We’ve assumed a pretty diligent sequential processor, which knows to check every input datapoint as it arrives. What if we had a lazy one, which played it fast and loose and tried to process only those inputs that seemed really crucial to the process.

These sorts of preposterous questions will help illuminate the more fundamental principles of memory and attention in deep learning¹.

First though, a warning, reiterating points from part 1. Attention is not a well-defined, clearly demarcated mathematical term. It is a principle that is useful for reasoning about many problems, but which is always in flux, as people find variants that are suited to their particular settings.

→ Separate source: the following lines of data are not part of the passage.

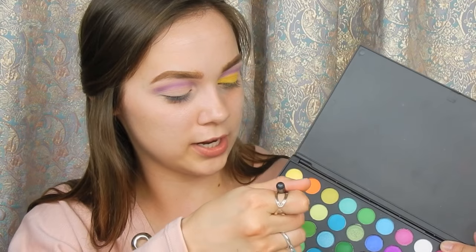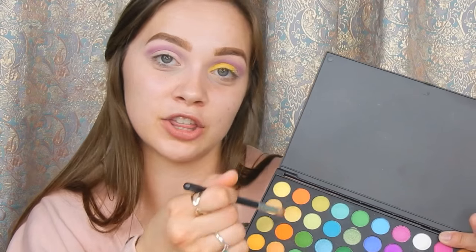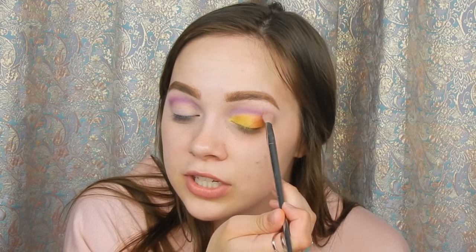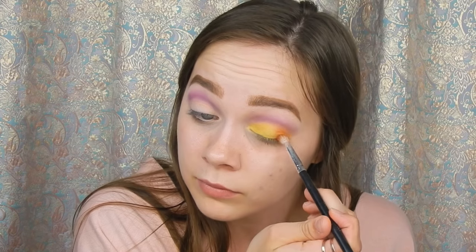The orange I'm using is the one in the middle of the third row of the palette. Now that those colors are on, take the brush you used for your purple and go over where all three colors touch, just to make them more blended so they don't look harsh — you can tell where the yellow starts and where the purple starts. I like to make it all come together, but you don't have to do this.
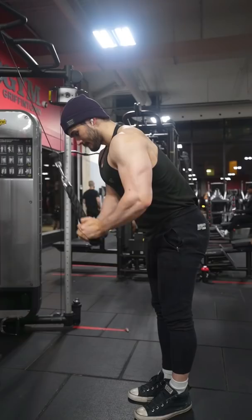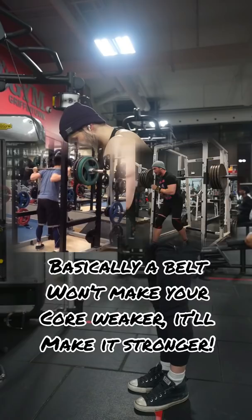Lifting belts are very important in my opinion. If you have no idea when to use one, I recommend using a lifting belt when you have your form kind of consistent.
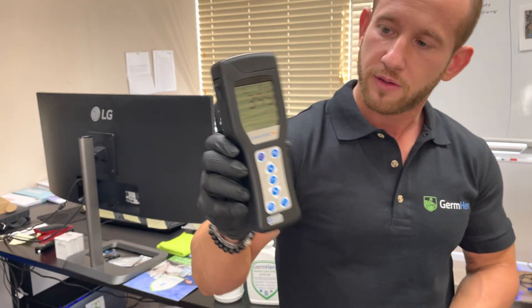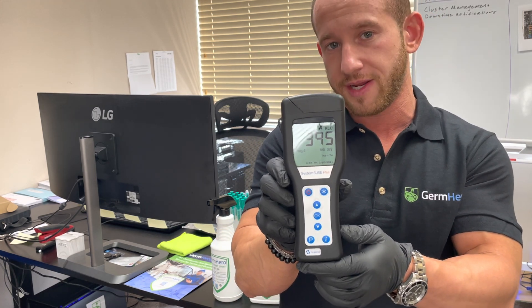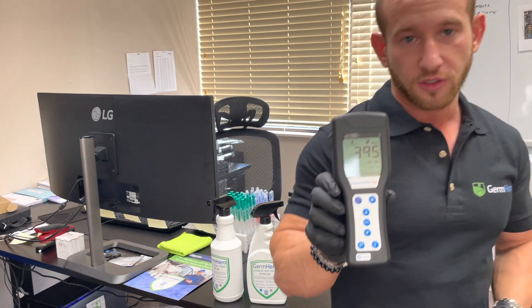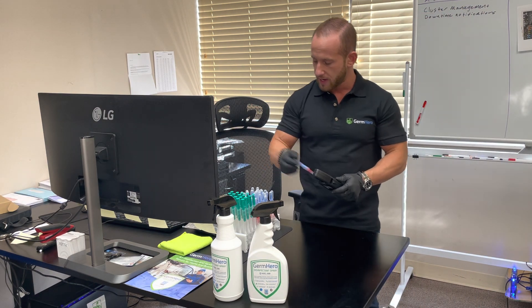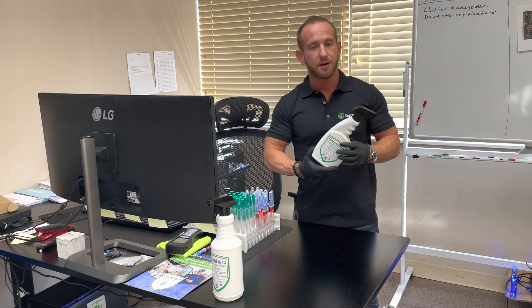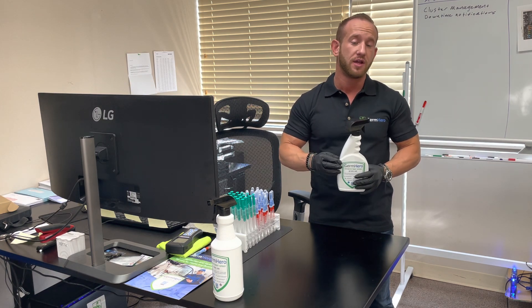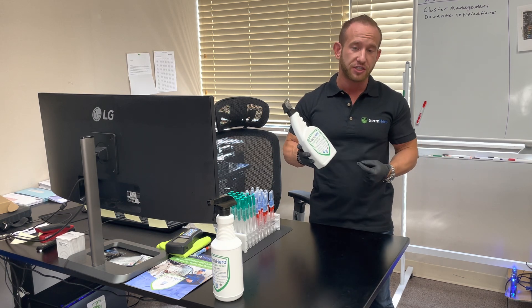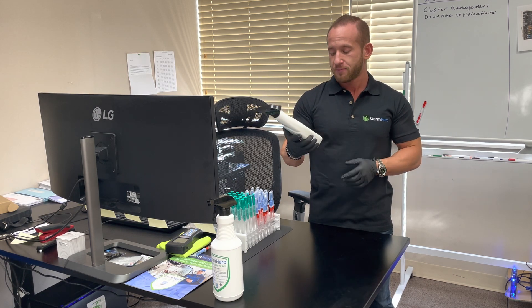We got our RLU measurement — we got a 395. Anything generally above 200 is pretty contaminated, so we definitely want to disinfect that surface. Now, Germ Hero's HOCL disinfectant spray is made up of hypochlorous acid. Hypochlorous acid is actually a natural, fully organic compound found within the human body — it's what the body produces to fight off internal infection and harmful illnesses. We've been able to bottle this and make it available to customers and business clients.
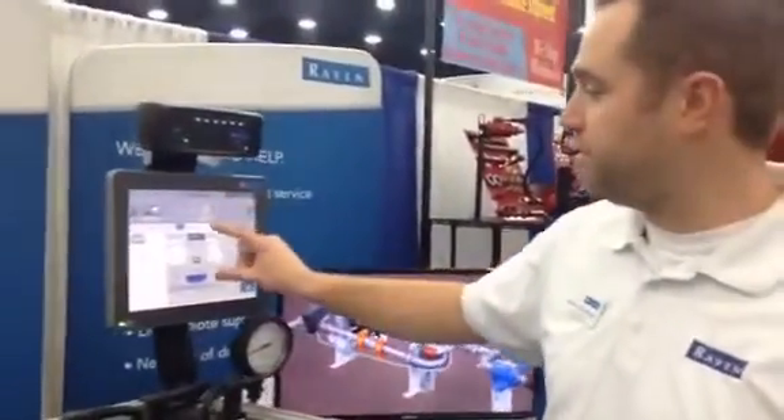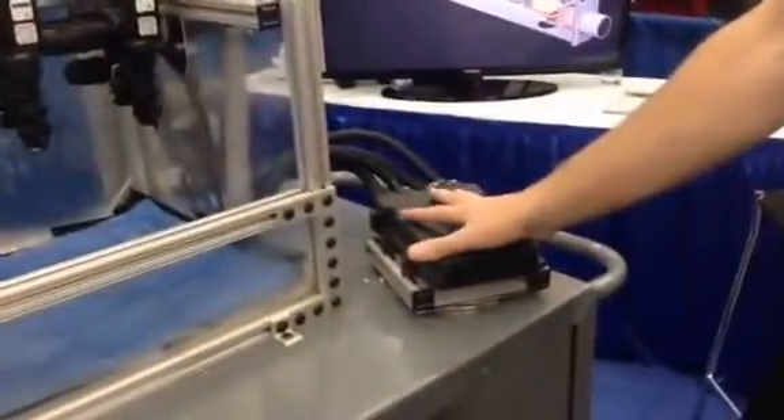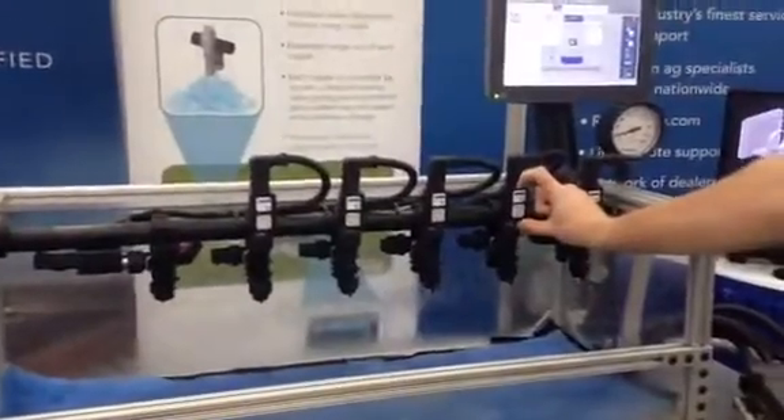Hello, I'm Denton Schwiesa with Raven Industries. I'm here to show you a Hawkeye today. We have our VT terminal right here showing our Hawkeye display. Down here we have our ECU, our main Hawkeye ECU, and then on the boom here you can see our nozzle control valves.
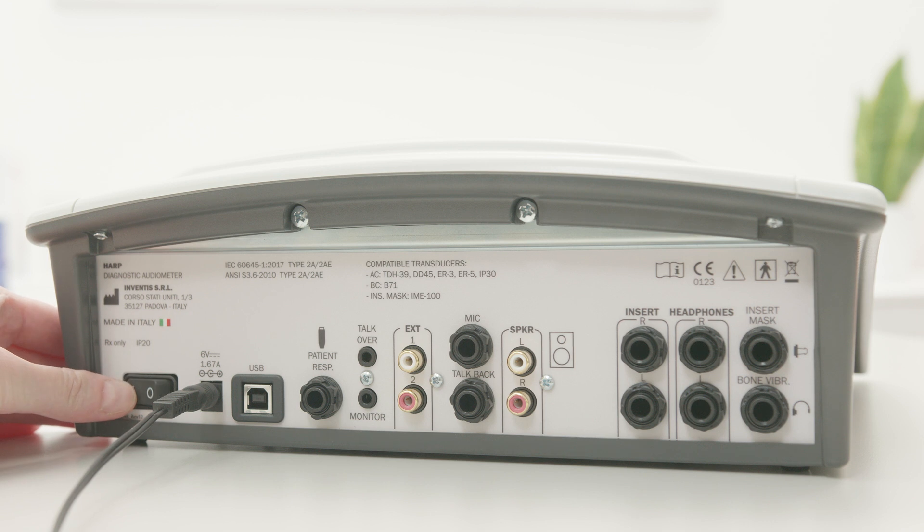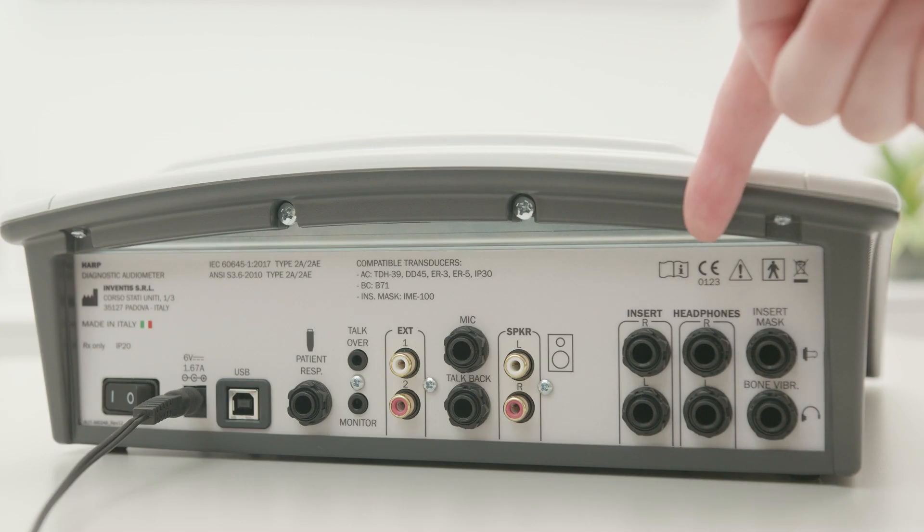All connection points for accessories are located on the rear panel, as is the power switch. AC transducers have two dedicated connectors. HAARP is compatible with DD45 supraoral headphones and with insert headphones. The bone vibrator is the RadioEar B71 and it comes with its own headband.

To keep our discussion grounded, and to leave you with something mathematical examples (and not just cool paper titles) that you can take home, we’re going to explore a few attention mechanisms in detail, before briefly touring across other highlights of the memory and attention literature.

Our three methods mirror the three questions from before.

Attention in Translation Models

We don’t need to force $h_t$ to condense everything from $x_1, \dots, x_t$. This observation lies at the heart of attention-based encoder-decoder sequence translation models. Before explaining the mechanism in more detail, a refresher on how translation works with neural networks.

Abstractly, the problem of translation is to map a sequence of words in one language to the corresponding sequence in another. For example,

I don’t speak French –> Je ne parle pas le Francais.

We make this an ML problem by treating each word as a datapoint in a sequence, and hoping to map the first trajectory into the second. That is, we want to map

\[\begin{align} \left(x_1, x_2, x_3, x_4\right) \to \left(y_1, y_2, y_3, y_4, y_5, y_6\right) \end{align}\]

where $x_i = \left(0, \dots, 0, 1, 0, \dots, 0\right)$ is a one-hot encoding of the $i^{th}$ word in the sentence (with respect to the $V$ words in English that we bother taking into account), and $y_i$ does the same for French.

The encoder-decoder approach to the problem is to take the $x_t$ and summarize (“encode”) them using an RNN². The final state $h_{T}$ is then used as the used as the initial state to a separate RNN, whose states are used to predict the words of the translation. Here’s a basic picture. The shading means that teh same values are copied over.

At the $t^{th}$ time step during decoding, we use a processor $s_t = f_{\text{dec}}\left(\hat{y}_{t - 1}, h_{t - 1}\right)$, and then predict $p\left(y_t \vert s_t, s_{0}, \hat{y}_{t - 1}\right)$ using logistic regression. A good processor should be able to capture the salient features of $x_1, \dots, x_{T}$, and these are used for translation.

This seems like a large burden for the encoder to carry. Intuitively, at time $t$ of decoding, you really only care about the words in the corresponding neigorhood of time $t$ in the source sentence. If the sentences were already aligned, you’d expect the neighborhood around $h_t$ to be most relevant for being able to translate $y_t$.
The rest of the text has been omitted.